The pipeline was run on these 10 artificial samples (two for each noise level) and the correlation between the duplicates of each noise level is shown in Fig. 5A. The full pairwise correlation plot can be found in the Supplementary Fig. S3. The Pearson correlation coefficient between the samples decreases with increasing level of added noise as expected and shows a strong drop in the samples with 75% noise. The pearson correlation coefficient (PCC) of 0.79 is below the threshold of 0.85, the limit of what we would consider acceptable. The 100% noise sample shows no correlation as one would expect in two completely randomized “replicates.” In Fig. 5B, the read profile for each noise level is shown and here one can also observe that the enrichment in the promoter region decreases with increasing level of noise.
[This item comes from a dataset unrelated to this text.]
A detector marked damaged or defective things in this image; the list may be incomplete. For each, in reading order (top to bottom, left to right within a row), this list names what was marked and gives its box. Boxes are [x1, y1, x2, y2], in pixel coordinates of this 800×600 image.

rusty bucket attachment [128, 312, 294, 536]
The samples with 0, 25, and 50% of noise still show a strong enrichment while the 75% noise sample only shows a very weak enrichment and the 100% noise sample shows no enrichment.

Figure 5: — Comparison of artificial noisy data for robustness. (A) In this panel, the duplicates for each different noise level are compared and the Pearson correlation coefficient is shown. (B) In this panel, the read distribution around the TSS is shown for each of the five different noise levels.

Based on the low PCC between the replicates in the 75% noise sample as well as the weak enrichment of the reads in the promoter region, we would consider this a bad dataset which is too noisy for further analysis, while the data with 0, 25, and 50% noise would pass our quality control steps.

Conclusion

In this protocol, we comprehensively show how to analyze ChIP-exo data starting from raw sequencing results. The pipeline, which is freely available at GitHub, produces a number of graphical output files for quality control, as well as an easy to use gene target list. Therefore, the pipeline provides the user with a strong basis for further analysis of the TF binding behavior.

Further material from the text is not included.